(Brief descriptive captions)
- - - - -
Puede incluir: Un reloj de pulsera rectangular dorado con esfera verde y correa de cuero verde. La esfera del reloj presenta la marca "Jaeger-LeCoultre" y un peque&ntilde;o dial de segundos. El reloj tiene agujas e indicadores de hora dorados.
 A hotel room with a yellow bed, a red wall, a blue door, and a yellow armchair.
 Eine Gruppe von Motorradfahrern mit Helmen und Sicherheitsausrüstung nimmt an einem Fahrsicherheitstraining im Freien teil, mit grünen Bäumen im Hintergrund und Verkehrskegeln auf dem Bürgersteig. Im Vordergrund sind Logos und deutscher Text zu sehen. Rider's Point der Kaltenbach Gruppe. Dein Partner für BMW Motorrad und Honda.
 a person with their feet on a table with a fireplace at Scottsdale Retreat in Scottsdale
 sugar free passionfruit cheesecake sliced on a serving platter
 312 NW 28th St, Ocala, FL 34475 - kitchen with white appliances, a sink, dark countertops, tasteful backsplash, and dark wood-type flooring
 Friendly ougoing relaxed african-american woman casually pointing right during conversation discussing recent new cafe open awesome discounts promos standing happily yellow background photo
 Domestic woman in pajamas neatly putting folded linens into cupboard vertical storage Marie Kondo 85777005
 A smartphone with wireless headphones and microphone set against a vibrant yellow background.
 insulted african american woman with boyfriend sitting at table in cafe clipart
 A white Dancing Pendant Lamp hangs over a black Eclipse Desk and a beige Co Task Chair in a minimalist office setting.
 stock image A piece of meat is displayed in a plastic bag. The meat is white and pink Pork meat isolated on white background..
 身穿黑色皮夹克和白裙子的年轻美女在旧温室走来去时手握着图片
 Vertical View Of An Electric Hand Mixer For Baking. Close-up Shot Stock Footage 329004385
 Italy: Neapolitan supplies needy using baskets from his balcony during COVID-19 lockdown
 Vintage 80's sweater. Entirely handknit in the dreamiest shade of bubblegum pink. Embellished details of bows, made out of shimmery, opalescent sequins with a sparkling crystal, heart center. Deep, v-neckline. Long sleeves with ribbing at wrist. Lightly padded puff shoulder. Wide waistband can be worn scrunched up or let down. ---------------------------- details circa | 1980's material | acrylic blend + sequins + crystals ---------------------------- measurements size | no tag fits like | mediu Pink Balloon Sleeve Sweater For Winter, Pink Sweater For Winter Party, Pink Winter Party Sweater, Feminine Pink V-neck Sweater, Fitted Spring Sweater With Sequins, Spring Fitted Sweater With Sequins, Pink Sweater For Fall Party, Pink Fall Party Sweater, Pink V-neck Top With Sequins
- - - - -
Problem to work on ::
Search the entries for the word "table" and show every line that has it.

Solution ::
 a person with their feet on a table with a fireplace at Scottsdale Retreat in Scottsdale
 insulted african american woman with boyfriend sitting at table in cafe clipart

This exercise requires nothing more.